By protecting the nerve ending in he hand, the callous makes the act of probing less hesitant […] the callous both sensitises the hand to minute, physical spaces and stimulates the sensation at the fingertips.*
Prescriptive technologies constitute a major social invention. In political terms, prescriptive technologies are designs for compliance.**
Callous can often mean insensitive, but it may also mean the exact opposite.
Richard Sennett writes about the hard skin at our fingertips but his insight can be translated to whatever skill we have practised and honed.
A callous is then a mark of much practise and experience, and possibly something that matters to us greatly and can potentially make a difference in the life of another.

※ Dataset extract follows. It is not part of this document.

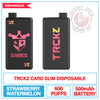 TRCKZ Card - Slim Disposable Vape - Strawberry Watermelon | Smokey Joes Vapes Co.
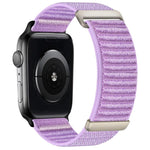 兩段式山形圖案魔鬼氈尼龍錶帶，適用 Apple Watch 46mm / 49mm / 45mm / 44mm，適用 Apple Watch 42mm / 41mm / 40mm / 38mm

A musician and a silversmith develop callouses but so does the person who uses questions to help and support others, for instance.
Ursula Franklin’s reflection on prescriptive technologies is concerned with acculturation, how our skills can be subsumed into a larger system. What then might happen is restriction of the development of our callouses, but, whether we work for ourselves or for others, these callouses are ours and the responsibility for developing them is ours too and we often evolve them in quite remarkable ways:
Imagination is more important than knowledge. For knowledge is limited, whereas imagination embraces the entire world, stimulating progress, giving birth to evolution.^
We might, then, understand callousness to be an attitude as much as a mark of talent.
(*From Richard Sennet’s The Craftsman.)
(**From Ursula Franklin’s The Real World of Technology.)
(^Albert Einstein, quoted in Ben Hardy’s These 20 Pictures Will Teach You More Than Reading 100 Books.)